Roles for our Minor Characters

THIS JUST IN! My second book for Covenant, A SECRET FAMILY RECIPE, will be published in soft cover in 2013. Wahoo! Moving on . . .


What roles should the minor characters play in your novel? For now, just know that every character must have a role, a clear function and significance; otherwise, there’s no reason to have that character. In life, people simply are and that’s good enough. In fiction, a character must have a reason to be or he’s history, outta there, toast – and it’s your job as the writer to toast him.

I well remember Lilia Garcia, the wise-cracking co-worker and companion with whom Robin worked in my first novel, BENEATH SIERRA SKIES. Lilia was meant to serve as local color and also to illuminate Robin’s character, allowing her to speak her ideas about the hero (Dr. Brandon Demarse) aloud.

It was my first editor, Amy Inman at Silhouette, who pointed out that I already had another character (Robin’s boss, Nancy) who served that role. It was also Amy who advised me to cut Lilia. Poor Lilia. She had been a loved, fun character, but her purpose wasn’t worth the room she took on the page. Cutting Lilia from the story made for a much better book.

You’ve seen what happens when beginning writers pop in fleshed-out characters that have no clear role or only a minor function. Think for example of this extract from a would-be novel: “There was a commanding knock at the door. It was Steve Harrington, my UPS delivery guy. He is the son-in-law of my friend, Debbie Marston, married to her daughter, Amy Marston Harrington. They have three pretty little girls – Macie, Michelle and Mylie – all delightful blonde, blue-eyed darlings. Steve had come to bring me my book I ordered from Amazon. I was looking forward to a quiet night at home with my book and my cat, Sophronia, curled up reading until I retired.” If we never see Steve in the book again, why do we know all this about him?
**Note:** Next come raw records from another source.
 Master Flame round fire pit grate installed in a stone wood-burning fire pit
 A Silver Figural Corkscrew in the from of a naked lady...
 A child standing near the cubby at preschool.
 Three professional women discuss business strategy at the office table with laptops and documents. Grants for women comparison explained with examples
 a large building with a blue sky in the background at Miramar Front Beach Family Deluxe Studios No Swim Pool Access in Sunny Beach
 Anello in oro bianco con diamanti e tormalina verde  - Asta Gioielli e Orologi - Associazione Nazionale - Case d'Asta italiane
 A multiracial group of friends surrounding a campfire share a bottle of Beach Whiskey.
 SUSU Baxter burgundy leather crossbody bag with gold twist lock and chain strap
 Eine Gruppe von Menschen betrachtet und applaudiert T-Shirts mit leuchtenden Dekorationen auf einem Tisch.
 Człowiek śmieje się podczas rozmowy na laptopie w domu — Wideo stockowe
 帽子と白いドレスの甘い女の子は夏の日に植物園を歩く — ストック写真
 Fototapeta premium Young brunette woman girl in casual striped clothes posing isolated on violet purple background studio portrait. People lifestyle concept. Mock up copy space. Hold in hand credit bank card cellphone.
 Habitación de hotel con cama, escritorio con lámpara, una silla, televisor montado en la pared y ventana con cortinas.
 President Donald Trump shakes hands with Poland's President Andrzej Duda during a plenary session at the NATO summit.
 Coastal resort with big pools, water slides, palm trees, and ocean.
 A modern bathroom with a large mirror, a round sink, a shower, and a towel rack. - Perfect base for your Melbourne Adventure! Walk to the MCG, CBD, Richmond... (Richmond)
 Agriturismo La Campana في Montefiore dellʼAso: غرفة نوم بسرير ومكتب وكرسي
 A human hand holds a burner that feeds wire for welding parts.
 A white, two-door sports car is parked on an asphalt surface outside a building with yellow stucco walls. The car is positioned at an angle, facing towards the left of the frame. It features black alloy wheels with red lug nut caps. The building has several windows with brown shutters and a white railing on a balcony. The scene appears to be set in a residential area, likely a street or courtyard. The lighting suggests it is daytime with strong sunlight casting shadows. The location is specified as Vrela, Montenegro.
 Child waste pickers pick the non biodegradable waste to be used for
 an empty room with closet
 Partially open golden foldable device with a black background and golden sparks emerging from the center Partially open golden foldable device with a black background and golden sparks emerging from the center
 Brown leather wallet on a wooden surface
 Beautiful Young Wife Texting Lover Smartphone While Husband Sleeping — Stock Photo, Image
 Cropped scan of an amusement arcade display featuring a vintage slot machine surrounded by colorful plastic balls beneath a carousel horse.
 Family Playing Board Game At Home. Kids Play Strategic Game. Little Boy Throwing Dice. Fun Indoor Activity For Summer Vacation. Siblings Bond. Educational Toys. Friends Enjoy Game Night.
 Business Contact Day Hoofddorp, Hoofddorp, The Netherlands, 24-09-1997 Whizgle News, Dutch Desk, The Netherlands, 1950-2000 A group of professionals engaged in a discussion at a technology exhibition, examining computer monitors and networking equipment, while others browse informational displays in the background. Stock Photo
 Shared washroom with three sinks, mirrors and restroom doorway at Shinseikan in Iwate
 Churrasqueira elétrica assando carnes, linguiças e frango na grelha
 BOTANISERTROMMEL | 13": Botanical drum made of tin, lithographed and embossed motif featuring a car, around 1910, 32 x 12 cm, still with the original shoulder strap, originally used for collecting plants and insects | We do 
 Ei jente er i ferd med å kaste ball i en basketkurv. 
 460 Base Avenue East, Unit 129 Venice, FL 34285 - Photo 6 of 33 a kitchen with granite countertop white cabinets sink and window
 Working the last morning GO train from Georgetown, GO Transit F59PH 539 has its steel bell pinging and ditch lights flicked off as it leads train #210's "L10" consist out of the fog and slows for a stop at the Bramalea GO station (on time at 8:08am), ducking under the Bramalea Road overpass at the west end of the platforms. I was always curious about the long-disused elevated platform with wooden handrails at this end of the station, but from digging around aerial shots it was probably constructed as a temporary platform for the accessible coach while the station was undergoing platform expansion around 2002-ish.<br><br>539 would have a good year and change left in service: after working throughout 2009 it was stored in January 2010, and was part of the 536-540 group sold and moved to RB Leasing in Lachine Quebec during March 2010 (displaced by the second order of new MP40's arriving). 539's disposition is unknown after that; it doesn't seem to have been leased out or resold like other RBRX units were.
For that matter, Sophronia had better be important, or she doesn’t need a name, either. She can simply be "my cat." In that situation, it’s better to end the fictional lives of all those seven non-characters before they even begin: “There was a knock at the door and I opened it to thank the delivery man who had brought me the book I ordered.”

So look at your minor characters. Give them warmth, life and color, but most of all, give them purpose. If they have no purpose, they have no being. Period.